## [Task item]
Would you transcribe the listing exactly as it stands, minus any images?

Recorded data Block Start

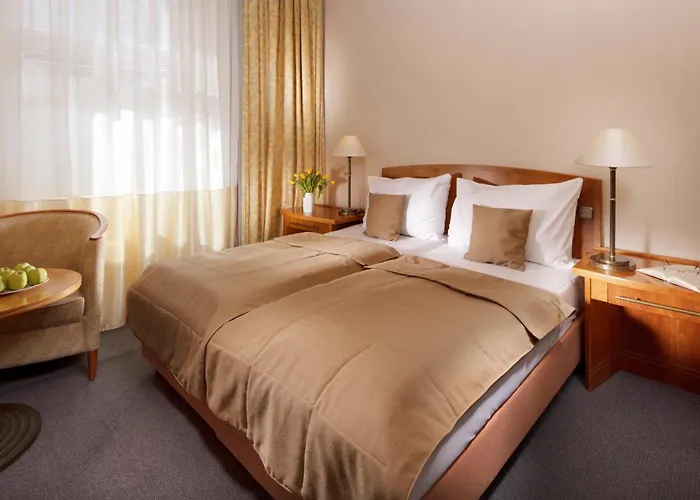 Dr. Adler Spa & Kurhotel 3* Франтишкови-Лазне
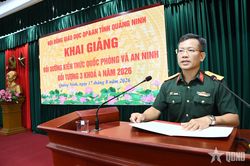Bồi dưỡng kiến thức quốc phòng và an ninh cho cán bộ đối tượng 3 tại Quảng Ninh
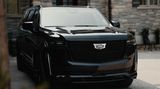 Cadillac Escalade  Der Cadillac Escalade ist ein Paradebeispiel für die amerikanische SUV-Kultur – groß, imposant und ein klares Zeichen von Wohlstand. Mit seiner wuchtigen Erscheinung und dem luxuriösen Innenraum hat sich der Escalade in Gangster- und Agentenfilmen als bevorzugtes Fahrzeug für Milliardäre, Waffenschieber oder Prominente etabliert. In der Vampir-Komödie "Renfield" fährt der Escalade an der Seite von Nicolas Cage und verleiht den Szenen einen Hauch von düsterem Glanz, während er in "The Man from Toronto" als Dienstfahrzeug für actionreiche Missionen brilliert. Sein chromglänzendes Äußeres und die dominante Präsenz machen aus ihm das ideale Auto, um in Filmen Macht und Einfluss zu betonen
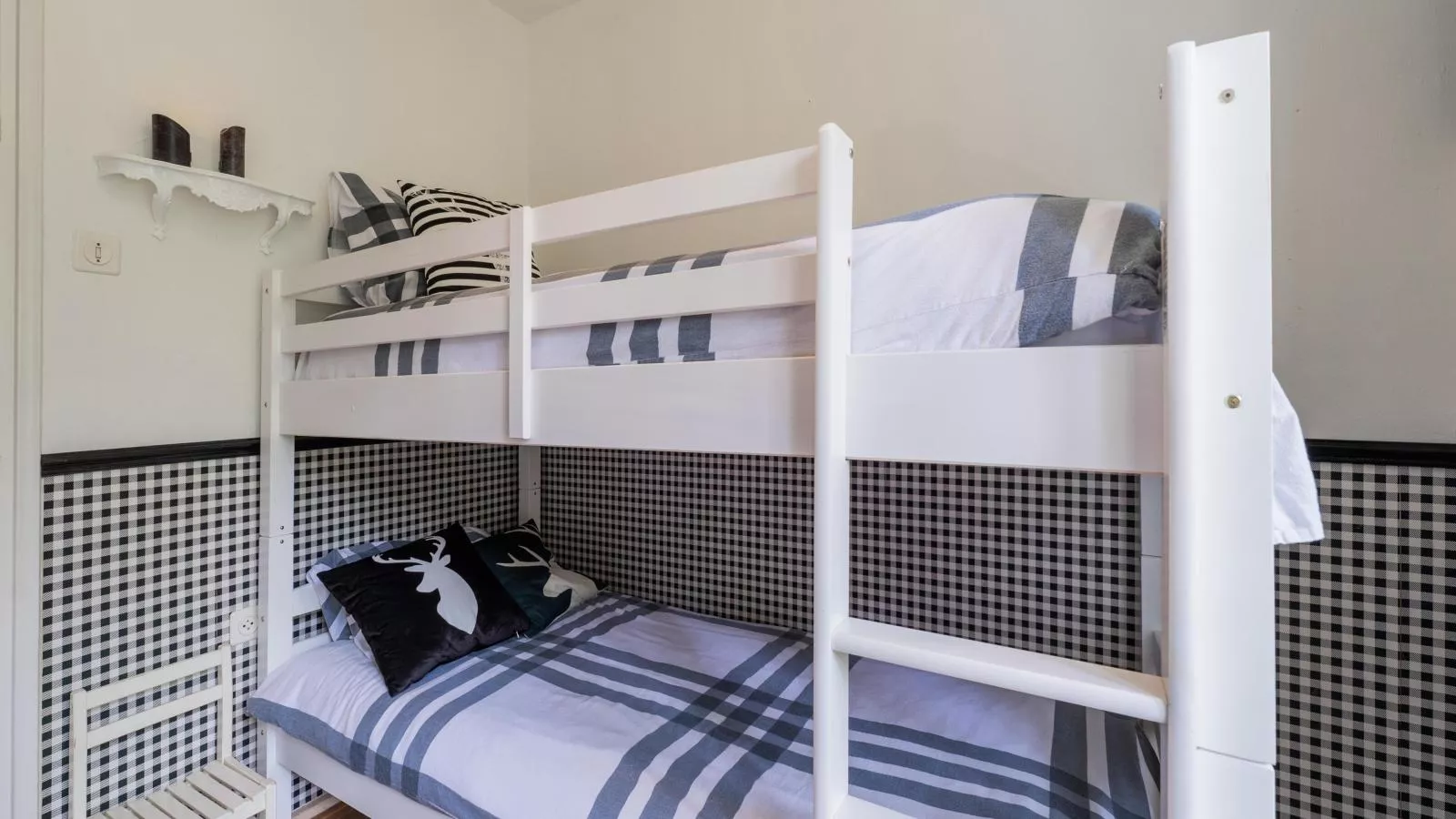 Mc Ghil-Bedroom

Recorded data Block End

## [Solution to this exercise]
 Dr. Adler Spa & Kurhotel 3* Франтишкови-Лазне
Bồi dưỡng kiến thức quốc phòng và an ninh cho cán bộ đối tượng 3 tại Quảng Ninh
 Cadillac Escalade  Der Cadillac Escalade ist ein Paradebeispiel für die amerikanische SUV-Kultur – groß, imposant und ein klares Zeichen von Wohlstand. Mit seiner wuchtigen Erscheinung und dem luxuriösen Innenraum hat sich der Escalade in Gangster- und Agentenfilmen als bevorzugtes Fahrzeug für Milliardäre, Waffenschieber oder Prominente etabliert. In der Vampir-Komödie "Renfield" fährt der Escalade an der Seite von Nicolas Cage und verleiht den Szenen einen Hauch von düsterem Glanz, während er in "The Man from Toronto" als Dienstfahrzeug für actionreiche Missionen brilliert. Sein chromglänzendes Äußeres und die dominante Präsenz machen aus ihm das ideale Auto, um in Filmen Macht und Einfluss zu betonen
 Mc Ghil-Bedroom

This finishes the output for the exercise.